“How long are you staying?”
I find myself becoming attached to Austin. Places and events, usually. I feel an overwhelming sense of dread when it comes to leaving this city but I’m also plagued with stomachaches, ravenous desires to backpack and move again. I couldn’t think of pursuing yoga teacher training in another city, for example, and I can barely handle missing class on Wednesday nights. I’ve got a favorite drink at a favorite bar. SXSW, I can’t leave Austin before another SXSW. But every day I look in the mirror and tell myself I can’t stay here for much longer. I fantasize over plane tickets. I shy away from year-long leases.
I traced the roots of my tug-of-war on a Saturday night, around midnight. I’m exhausted by the idea of developing deep personal connections, but the lack of these friendships or relationships just fuel the fire that only a plane ticket can put out.
I constantly feel alone, and I blame it on staying in one place. I rely on and long for the romance of single-serving friends, you know, the ones The Narrator mentions in Fight Club before meeting Tyler Durden? The Polish women at Open’er who cackled with me and my friend over Italian men and flip cup. An Australian in a Madrid hostel who told me about a great website for finding hostel jobs. The girls in my hostel room from Brighton who met up with me at a bar after a Tinder date. I couldn’t tell you any of their names, and they don’t remember mine. Attached and detached, without the obligations or expectations of meeting again.
I harshly and unapologetically place these expectations on myself and others when I’m stuck in one place. As a result, I have always felt permanently detached. In every group of friends I’ve ever had I’ve felt like a visitor, an outsider that was accepted, but didn’t belong. The weight of this old pain is just starting to suppress my breathing again. Rejected invitations, for whatever reason, send me into a tailspin. Sharing personal stories in a group closes my throat up. Single-serving friends…they let me enjoy my time. I breathe easier. I’m free to love and share positive energy, without the grasp of any social anxiety.
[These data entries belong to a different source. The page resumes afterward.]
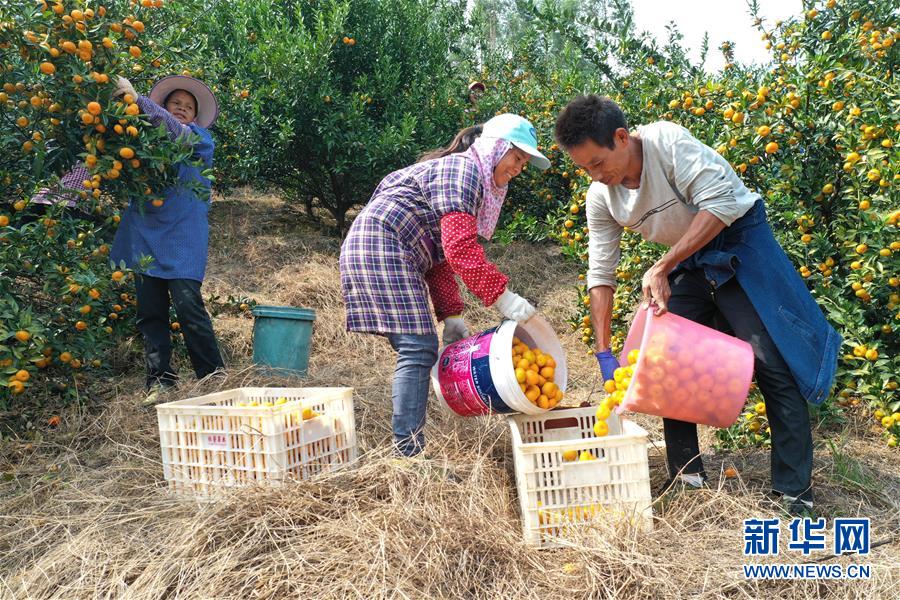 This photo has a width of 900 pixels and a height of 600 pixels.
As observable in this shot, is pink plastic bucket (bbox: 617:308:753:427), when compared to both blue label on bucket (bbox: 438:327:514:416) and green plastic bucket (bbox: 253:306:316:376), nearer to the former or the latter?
blue label on bucket (bbox: 438:327:514:416)

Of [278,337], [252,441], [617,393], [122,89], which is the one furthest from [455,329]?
[122,89]

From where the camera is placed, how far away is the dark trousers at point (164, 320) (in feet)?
12.5

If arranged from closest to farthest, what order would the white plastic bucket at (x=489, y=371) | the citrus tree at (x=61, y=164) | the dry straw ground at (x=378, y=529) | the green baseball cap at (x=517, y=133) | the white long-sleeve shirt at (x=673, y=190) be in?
the dry straw ground at (x=378, y=529)
the white long-sleeve shirt at (x=673, y=190)
the white plastic bucket at (x=489, y=371)
the green baseball cap at (x=517, y=133)
the citrus tree at (x=61, y=164)

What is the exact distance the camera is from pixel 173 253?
12.4ft

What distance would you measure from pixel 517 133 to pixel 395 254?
63 centimetres

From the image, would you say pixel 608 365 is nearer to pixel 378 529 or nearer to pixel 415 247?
pixel 415 247

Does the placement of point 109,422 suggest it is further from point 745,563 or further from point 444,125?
point 444,125

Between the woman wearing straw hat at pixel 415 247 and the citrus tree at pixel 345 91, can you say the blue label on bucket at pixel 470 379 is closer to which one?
the woman wearing straw hat at pixel 415 247

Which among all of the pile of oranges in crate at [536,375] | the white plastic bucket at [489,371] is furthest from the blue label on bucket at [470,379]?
the pile of oranges in crate at [536,375]

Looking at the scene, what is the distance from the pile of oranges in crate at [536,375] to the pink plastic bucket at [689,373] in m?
0.33

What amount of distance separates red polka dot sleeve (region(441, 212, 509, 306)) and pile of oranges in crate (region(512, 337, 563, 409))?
0.86 feet

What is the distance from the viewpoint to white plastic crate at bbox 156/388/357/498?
258 cm

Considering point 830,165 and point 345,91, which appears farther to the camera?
point 345,91

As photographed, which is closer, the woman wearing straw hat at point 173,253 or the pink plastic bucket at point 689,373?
the pink plastic bucket at point 689,373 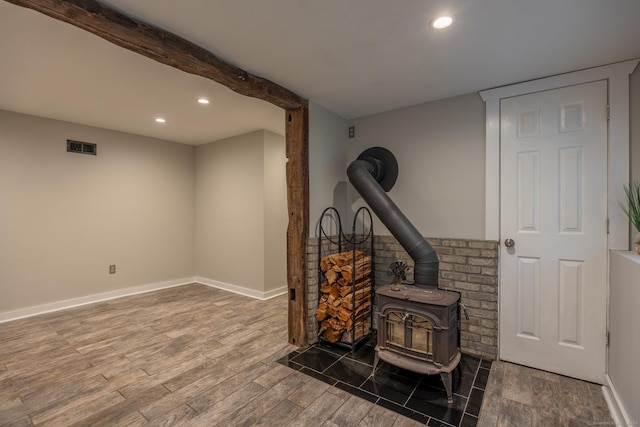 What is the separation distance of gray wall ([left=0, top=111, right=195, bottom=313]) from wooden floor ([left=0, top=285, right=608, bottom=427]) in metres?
0.63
Admitting this feels unfair. This isn’t a post pointing the blame on a city or the souls of Austin that have welcomed me with open arms and every opportunity in the book. I place more blame, and do so with nothing but love, on moving from place to place. Especially now, maintaining relationships in one place has been overwhelming because I’ve given and received so much energy with other parts of the world.
Traveling doesn’t detach you from a single place just to spite you; there’s only so much of your heart to spare. For every whisper of loneliness I feel in the quiet moments around my house, I feel a longing to where another part of my heart is resting. I created Horcruxes while backpacking.
My heart is broken, but beating and shining, hiding, in different corners of the world. I just know there are stories waiting to be written, between two mysterious, beautiful buildings in Barcelona. Shreds of my heart and a stomachache waiting to happen lay quivering at a bus stop in Edinburgh. I picture my fingerprints on a metal balcony, overlooking Warsaw. Exasperated energy still lingers in Copenhagen, where I discovered I was just living one big dream. Even the places I’ve never seen – I know there are people to love and things to learn and stories to be exchanged. Where will I leave a piece of me next?
When I think I lack connection in a single city, I remember that in fact, we’re all connected to each other, everywhere, infinitely. This lets me sink in comfortably to my armchair, but at the same time fires me up to fall in love with the next city and the next soul. I’m torn, to sum it up in two words. I have no immediate solution. So I find rest in the words of my good friend, Jack: “There was nowhere to go but everywhere, so just keep on rolling under the stars.”